Dalam konteks ini, tulisan ini menjadi sebuah suplemen bagi beberapa kajian terkait, khususnya terhadap karya-karya yang dapat disebut sebagai commentary literature (syarah/hasyiyah) dalam konteks sejarah Islam Nusantara. Fokusnya jatuh pada kitab syarḥ yang berjudul Inārat al-Dujā Syarḥ Tanwīr al-Ḥijā Naẓm Safīnat al-Najā karya Muḥammad ‘Ali bin Ḥusain al-Mālikī al-Makkī. Kitab ini menjadi objek yang menarik karena bukan hanya mencerminkan kolaborasi internasional Ulama Nusantara dengan jaringan Ulama Hijaz pada awal abad ke-20, tetapi juga menghadirkan nuansa dialektis yang melibatkan pen-syarah dan penulis naẓm.

Keunikan karya ini, selain kolaborasi lintas negara, juga dapat ditemui dalam nuansa dialektis yang ada di dalamnya. Muḥammad ‘Ali bin Ḥusain al-Mālikī, guru ulama Jawi yang menjadi rujukan utama dalam menyelesaikan persoalan keagamaan di Nusantara, memegang peran penting dalam karya ini. Inārat al-Dujā mencerminkan suasana keilmuan di Nusantara pada periode tersebut dan menjadi bukti kedekatan antara beliau dengan para murid Jawi.

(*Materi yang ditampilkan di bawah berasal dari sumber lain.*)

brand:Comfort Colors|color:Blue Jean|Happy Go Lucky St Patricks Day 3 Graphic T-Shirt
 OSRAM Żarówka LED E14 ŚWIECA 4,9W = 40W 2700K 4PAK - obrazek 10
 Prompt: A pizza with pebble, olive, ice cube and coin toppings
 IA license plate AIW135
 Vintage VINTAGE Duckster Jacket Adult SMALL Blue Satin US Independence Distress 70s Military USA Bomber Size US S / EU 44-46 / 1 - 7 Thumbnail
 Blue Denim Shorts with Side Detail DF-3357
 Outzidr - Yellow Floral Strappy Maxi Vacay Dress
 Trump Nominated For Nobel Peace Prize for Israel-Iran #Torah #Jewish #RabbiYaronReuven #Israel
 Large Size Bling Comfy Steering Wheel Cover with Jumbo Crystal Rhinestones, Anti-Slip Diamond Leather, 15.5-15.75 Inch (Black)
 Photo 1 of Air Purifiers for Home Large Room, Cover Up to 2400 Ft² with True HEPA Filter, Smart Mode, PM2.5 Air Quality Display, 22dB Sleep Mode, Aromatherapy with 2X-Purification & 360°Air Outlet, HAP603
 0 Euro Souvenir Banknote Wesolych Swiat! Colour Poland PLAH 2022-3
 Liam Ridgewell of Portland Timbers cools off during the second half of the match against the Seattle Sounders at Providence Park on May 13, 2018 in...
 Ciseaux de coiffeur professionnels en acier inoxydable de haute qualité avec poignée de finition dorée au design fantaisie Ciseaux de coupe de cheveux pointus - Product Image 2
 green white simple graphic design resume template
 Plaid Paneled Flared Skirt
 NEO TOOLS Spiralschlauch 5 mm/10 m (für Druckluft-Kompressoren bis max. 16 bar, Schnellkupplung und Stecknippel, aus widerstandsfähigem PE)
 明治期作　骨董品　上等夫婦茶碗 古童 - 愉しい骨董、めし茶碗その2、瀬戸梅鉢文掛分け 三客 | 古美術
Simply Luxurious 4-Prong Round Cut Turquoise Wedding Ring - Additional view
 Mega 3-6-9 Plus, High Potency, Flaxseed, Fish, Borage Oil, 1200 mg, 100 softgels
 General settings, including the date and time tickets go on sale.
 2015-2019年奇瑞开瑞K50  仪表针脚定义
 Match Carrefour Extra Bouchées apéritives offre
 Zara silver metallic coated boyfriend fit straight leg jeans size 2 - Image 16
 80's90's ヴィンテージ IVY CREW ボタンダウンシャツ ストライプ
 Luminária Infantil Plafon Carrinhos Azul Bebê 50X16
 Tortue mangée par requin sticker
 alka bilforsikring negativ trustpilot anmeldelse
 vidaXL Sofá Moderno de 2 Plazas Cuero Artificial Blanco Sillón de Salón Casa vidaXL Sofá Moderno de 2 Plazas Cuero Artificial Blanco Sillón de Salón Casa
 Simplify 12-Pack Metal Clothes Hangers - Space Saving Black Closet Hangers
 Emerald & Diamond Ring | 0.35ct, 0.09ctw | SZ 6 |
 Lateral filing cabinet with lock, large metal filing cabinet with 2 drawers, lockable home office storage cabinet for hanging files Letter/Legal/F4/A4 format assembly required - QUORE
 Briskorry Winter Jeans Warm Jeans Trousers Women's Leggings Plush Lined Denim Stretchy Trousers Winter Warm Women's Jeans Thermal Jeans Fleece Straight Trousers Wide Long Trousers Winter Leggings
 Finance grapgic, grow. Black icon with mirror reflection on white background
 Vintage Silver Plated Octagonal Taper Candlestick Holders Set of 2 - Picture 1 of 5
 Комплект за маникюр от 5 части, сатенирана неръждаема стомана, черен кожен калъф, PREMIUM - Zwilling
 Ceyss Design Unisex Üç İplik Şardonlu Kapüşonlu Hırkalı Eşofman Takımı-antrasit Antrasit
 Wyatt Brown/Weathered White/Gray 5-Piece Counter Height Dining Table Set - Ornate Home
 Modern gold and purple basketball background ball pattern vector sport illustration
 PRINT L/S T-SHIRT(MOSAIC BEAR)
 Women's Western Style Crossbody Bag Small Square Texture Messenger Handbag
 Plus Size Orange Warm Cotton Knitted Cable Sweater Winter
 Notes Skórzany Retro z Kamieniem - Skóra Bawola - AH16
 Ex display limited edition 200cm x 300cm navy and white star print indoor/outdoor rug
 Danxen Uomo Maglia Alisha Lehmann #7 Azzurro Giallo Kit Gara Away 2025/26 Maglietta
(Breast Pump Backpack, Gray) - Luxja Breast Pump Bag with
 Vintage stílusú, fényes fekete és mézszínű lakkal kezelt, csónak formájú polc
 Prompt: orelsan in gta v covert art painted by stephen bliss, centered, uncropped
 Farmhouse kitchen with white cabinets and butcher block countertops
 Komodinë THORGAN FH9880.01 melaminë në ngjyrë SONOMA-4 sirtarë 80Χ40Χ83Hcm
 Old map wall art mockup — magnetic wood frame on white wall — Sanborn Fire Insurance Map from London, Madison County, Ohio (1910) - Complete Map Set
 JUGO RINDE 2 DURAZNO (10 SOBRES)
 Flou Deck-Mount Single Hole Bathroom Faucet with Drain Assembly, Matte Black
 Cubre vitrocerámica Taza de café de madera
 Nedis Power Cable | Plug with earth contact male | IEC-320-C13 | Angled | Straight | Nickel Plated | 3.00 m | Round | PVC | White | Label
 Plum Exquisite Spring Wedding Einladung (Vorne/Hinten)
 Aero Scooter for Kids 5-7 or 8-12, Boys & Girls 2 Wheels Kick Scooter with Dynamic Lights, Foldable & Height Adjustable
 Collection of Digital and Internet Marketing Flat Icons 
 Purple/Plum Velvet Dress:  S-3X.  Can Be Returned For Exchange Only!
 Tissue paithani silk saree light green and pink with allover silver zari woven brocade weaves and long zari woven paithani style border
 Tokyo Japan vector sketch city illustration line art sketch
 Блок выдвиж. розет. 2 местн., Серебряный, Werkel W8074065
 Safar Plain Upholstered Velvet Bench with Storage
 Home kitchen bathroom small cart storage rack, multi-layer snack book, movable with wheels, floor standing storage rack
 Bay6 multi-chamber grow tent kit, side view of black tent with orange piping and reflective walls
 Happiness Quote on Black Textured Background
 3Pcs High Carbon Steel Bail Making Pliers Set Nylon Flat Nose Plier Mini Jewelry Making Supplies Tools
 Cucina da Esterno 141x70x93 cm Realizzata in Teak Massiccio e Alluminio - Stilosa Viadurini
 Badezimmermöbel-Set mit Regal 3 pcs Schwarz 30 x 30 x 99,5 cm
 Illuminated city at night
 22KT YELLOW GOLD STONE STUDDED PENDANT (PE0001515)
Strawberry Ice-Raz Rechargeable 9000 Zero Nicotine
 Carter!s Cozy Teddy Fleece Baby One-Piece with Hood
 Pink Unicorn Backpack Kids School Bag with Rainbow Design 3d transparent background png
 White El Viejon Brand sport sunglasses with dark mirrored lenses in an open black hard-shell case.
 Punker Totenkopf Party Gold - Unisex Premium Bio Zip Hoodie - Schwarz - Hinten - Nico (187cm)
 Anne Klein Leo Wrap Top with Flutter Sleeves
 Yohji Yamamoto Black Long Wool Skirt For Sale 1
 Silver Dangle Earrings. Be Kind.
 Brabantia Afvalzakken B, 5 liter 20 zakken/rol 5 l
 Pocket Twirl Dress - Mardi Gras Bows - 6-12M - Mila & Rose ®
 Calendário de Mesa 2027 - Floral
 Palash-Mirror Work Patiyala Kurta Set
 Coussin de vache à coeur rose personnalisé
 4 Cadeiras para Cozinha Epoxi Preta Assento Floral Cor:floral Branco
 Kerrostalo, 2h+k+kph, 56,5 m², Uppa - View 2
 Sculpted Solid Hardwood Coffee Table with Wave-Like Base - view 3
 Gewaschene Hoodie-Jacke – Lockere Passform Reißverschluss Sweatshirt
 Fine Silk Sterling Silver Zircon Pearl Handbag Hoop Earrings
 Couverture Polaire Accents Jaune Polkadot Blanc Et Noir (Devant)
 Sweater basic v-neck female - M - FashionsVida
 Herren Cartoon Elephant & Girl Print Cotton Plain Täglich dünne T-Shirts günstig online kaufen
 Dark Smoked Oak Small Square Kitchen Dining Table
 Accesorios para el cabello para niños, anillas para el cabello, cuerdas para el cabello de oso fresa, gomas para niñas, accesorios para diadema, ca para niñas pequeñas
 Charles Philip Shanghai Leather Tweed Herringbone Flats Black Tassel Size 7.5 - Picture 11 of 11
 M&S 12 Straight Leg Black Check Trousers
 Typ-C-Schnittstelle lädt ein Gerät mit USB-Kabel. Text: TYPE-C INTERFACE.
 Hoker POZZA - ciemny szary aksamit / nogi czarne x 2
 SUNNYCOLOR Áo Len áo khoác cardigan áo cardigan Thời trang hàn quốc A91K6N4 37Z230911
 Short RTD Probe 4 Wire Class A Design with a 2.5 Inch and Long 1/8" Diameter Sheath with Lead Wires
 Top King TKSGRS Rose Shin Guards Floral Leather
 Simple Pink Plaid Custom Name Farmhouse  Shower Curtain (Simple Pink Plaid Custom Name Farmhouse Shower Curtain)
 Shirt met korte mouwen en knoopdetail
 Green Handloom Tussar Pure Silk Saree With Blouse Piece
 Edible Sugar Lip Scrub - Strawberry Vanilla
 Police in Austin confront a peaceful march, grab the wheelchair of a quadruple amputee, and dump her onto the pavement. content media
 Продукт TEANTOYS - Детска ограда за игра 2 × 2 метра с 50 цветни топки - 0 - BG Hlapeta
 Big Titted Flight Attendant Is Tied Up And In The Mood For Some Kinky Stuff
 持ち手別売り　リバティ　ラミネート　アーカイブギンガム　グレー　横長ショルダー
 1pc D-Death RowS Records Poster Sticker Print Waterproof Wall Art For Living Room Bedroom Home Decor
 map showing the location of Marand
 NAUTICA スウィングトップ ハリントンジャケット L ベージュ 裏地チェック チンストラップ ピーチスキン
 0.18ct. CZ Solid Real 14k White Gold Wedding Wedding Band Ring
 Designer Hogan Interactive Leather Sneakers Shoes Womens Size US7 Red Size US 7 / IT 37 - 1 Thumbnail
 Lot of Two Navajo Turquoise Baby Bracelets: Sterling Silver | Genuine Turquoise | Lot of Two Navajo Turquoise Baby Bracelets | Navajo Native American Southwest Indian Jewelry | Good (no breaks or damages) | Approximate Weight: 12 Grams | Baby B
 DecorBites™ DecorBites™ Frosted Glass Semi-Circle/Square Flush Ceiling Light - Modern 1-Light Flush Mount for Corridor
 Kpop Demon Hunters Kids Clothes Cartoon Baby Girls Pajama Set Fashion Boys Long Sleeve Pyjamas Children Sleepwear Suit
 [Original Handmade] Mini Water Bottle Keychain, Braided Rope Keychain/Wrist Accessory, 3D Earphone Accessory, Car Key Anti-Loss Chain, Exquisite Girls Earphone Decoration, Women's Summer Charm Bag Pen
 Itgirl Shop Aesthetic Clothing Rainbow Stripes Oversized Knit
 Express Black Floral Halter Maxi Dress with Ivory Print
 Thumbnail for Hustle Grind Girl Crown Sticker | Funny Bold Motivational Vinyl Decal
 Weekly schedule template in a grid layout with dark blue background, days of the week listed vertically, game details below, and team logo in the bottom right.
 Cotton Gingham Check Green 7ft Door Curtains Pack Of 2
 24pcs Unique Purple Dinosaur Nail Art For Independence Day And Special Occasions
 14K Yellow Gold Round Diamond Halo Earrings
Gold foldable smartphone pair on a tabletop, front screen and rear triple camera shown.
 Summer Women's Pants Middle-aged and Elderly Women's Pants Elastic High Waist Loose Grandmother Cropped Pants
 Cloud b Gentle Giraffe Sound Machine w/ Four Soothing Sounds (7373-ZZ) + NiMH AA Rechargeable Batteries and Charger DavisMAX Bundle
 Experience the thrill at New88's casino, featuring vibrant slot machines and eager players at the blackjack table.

Dengan menelusuri unsur-unsur intrinsik dalam kitab Inārat al-Dujā, tulisan ini bertujuan untuk memotret salah satu dinamika keilmuan Islam di Nusantara melalui lensa tradisi mensyarah kitab yang terjadi pada awal abad ke-20. Melalui pendekatan ini, kita dapat membongkar mitos stagnasi dan menggambarkan tradisi syarah sebagai manifestasi kreativitas dan dialektika yang berkontribusi pada peradaban Islam Nusantara.

Literatur Syarah dan Sejarah Intelektual Klasik
Pada tahun 1885 M, ketika Jerman menjajah wilayah Afrika Timur, Eduard Sachau, seorang Orientalis Jerman, terlibat dalam penerjemahan teks Hukum Islam dari Bahasa Arab ke Jerman. Tujuannya adalah memfasilitasi administrasi di wilayah baru yang baru saja ditaklukkan. Sachau memilih menerjemahkan teks Fiqh Syāfi’ī, yang diikuti mayoritas penduduk Afrika Timur. Salah satu karya yang diterjemah adalah Ḥāsyiah karya Ibrāhim al-Bājurī, seorang ulama al-Azhar yang meninggal tahun 1860 M. Sachau menyatakan bahwa kitab tersebut merupakan karya terkini dan paling otoritatif dalam Fiqh Syafi’i, klaim yang juga didukung oleh Snouck Hurgronje. Meskipun demikian, Ahmed El Shamsy mengkritisi klaim Sachau sebagai pandangan yang "rabun" atau kurang berfokus, karena melihat Fiqh Islam sebagai serangkaian diskursus kontemporer dalam literatur ḥāsyiah, bukan sebagai serangkaian "doktrin abad pertengahan" dalam karya fiqih klasik dari abad ke-8 hingga ke-12 M.

Masuk ke Abad Modern, studi Islam oleh orientalis dan sarjana Islam modernis-reformis menghadapi literatur pasca-klasik dengan pandangan yang skeptis. Literatur ini dianggap tidak orisinal, stagnan, dan hanya mengulangi yang sudah ada. Namun, dalam Era Post-modern, kajian literatur Islam pasca-klasik mengalami dekolonialisasi, memungkinkan studi berjalan secara proporsional dalam bingkai hermeneutis.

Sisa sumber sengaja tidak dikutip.